## [Assigned task]
Write out the full listing exactly as given, minus the images.

## [Data shown]

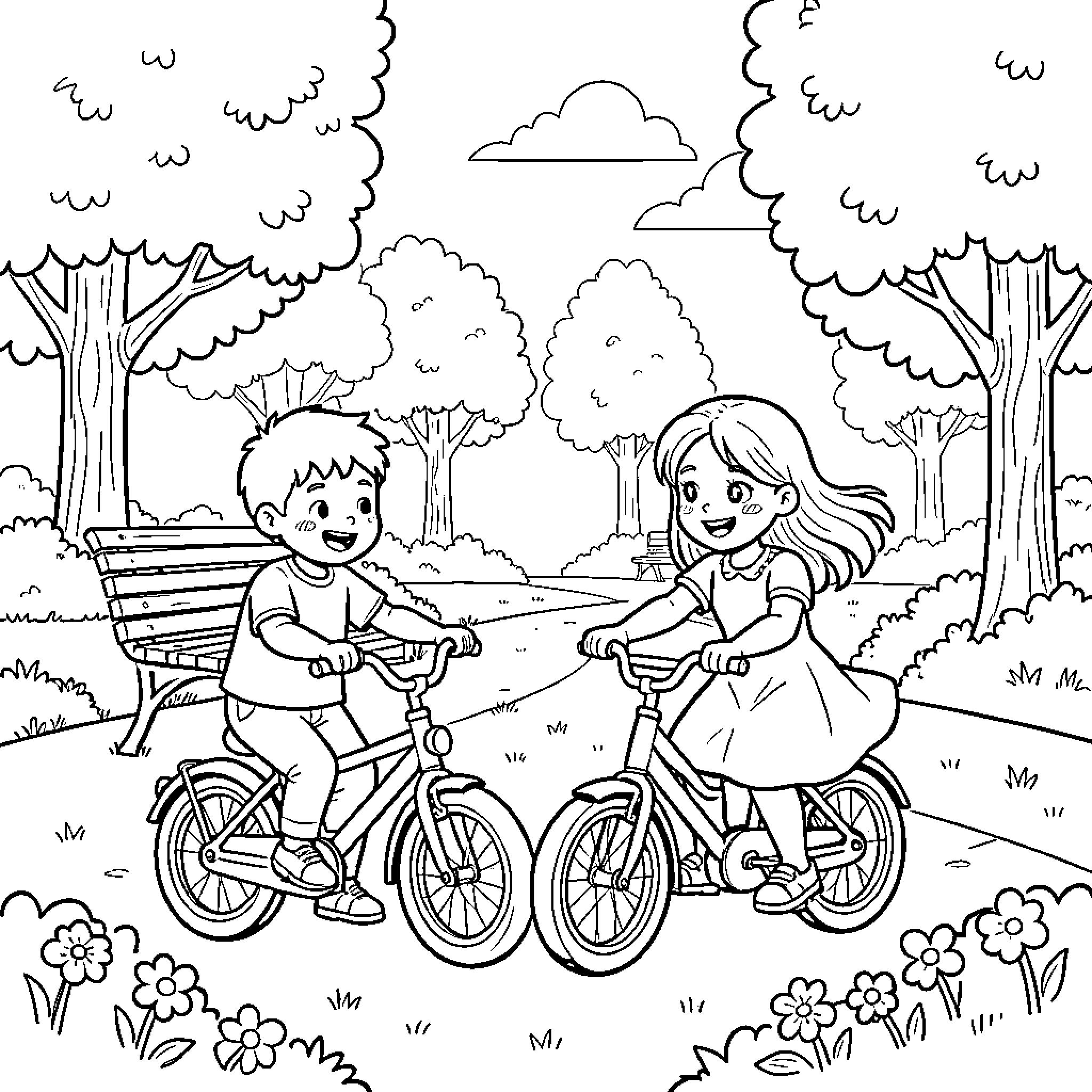 Frère et Sœur riding bicycles through a park Coloring Page (free black-and-white line drawing printable PDF for all, from beginners to advanced learners, including children, teens, adults, and seniors)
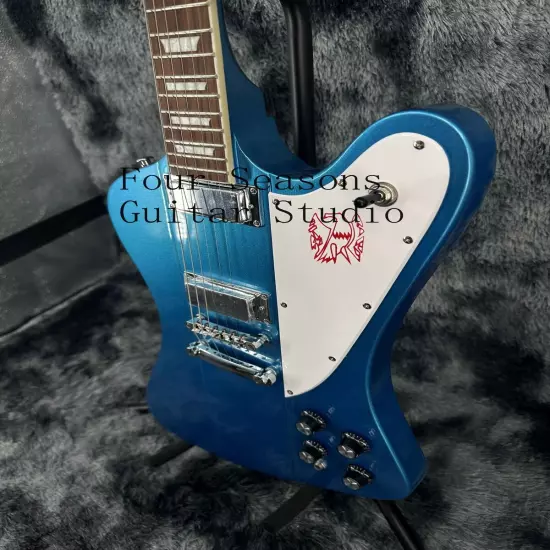 Custom Blue Firebird Solid Electric Guitar Chrome Hardware Rosewood Fretboard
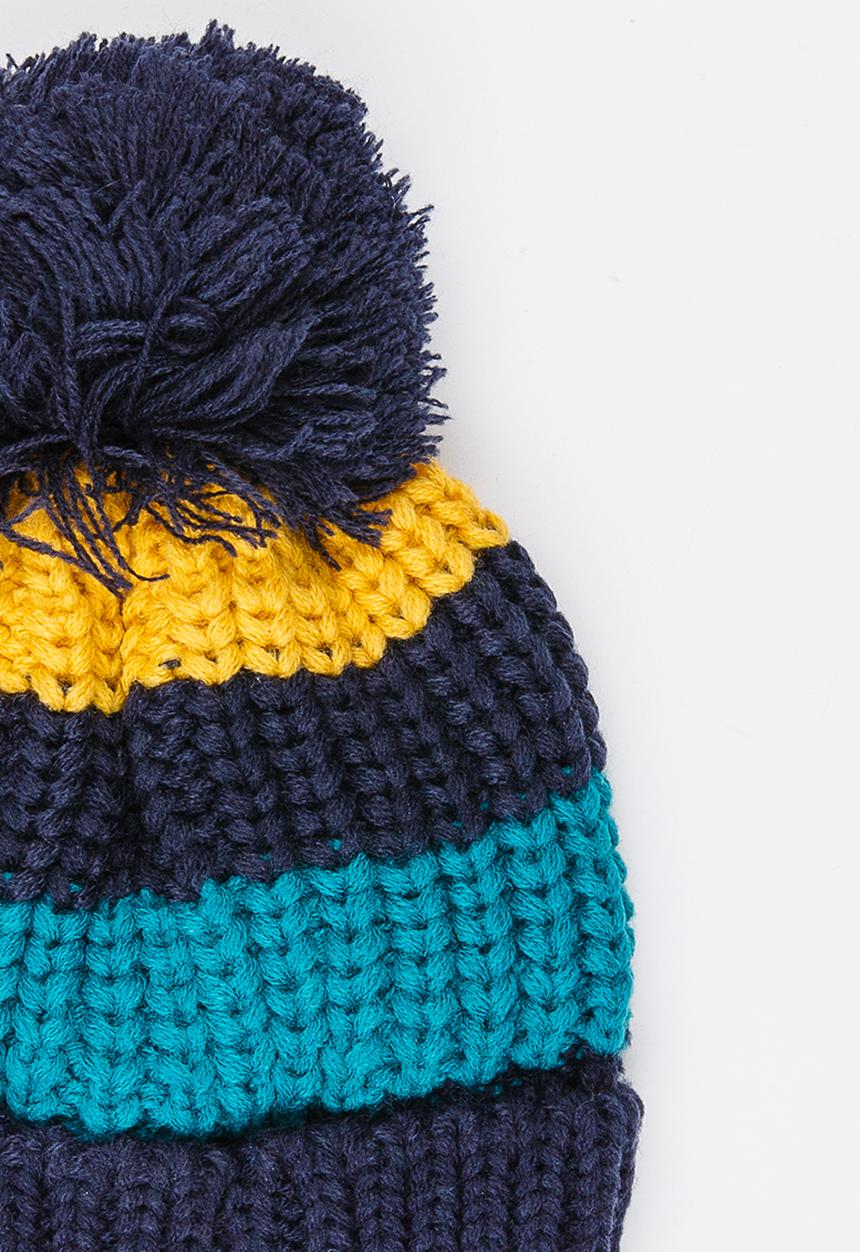 MINOTI - Stripe Bobble Beanie Navy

## [Worked solution]
 Frère et Sœur riding bicycles through a park Coloring Page (free black-and-white line drawing printable PDF for all, from beginners to advanced learners, including children, teens, adults, and seniors)
 Custom Blue Firebird Solid Electric Guitar Chrome Hardware Rosewood Fretboard
 MINOTI - Stripe Bobble Beanie Navy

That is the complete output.